▸ DATA FOR PROCESSING:
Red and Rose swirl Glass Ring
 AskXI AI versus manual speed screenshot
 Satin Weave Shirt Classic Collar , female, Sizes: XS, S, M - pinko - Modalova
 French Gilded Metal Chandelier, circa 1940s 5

* * *

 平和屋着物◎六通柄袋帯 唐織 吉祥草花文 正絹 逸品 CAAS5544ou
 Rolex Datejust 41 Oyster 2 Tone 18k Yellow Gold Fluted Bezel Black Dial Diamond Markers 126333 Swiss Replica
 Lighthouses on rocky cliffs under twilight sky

▸ REQUIREMENT:
Please transcribe exactly the lines above from the line that has "Satin Weave Shirt" up to and including the line that has "French Gilded Metal"; no other line belongs in the answer.

▸ REPLY TO THE TASK:
 Satin Weave Shirt Classic Collar , female, Sizes: XS, S, M - pinko - Modalova
 French Gilded Metal Chandelier, circa 1940s 5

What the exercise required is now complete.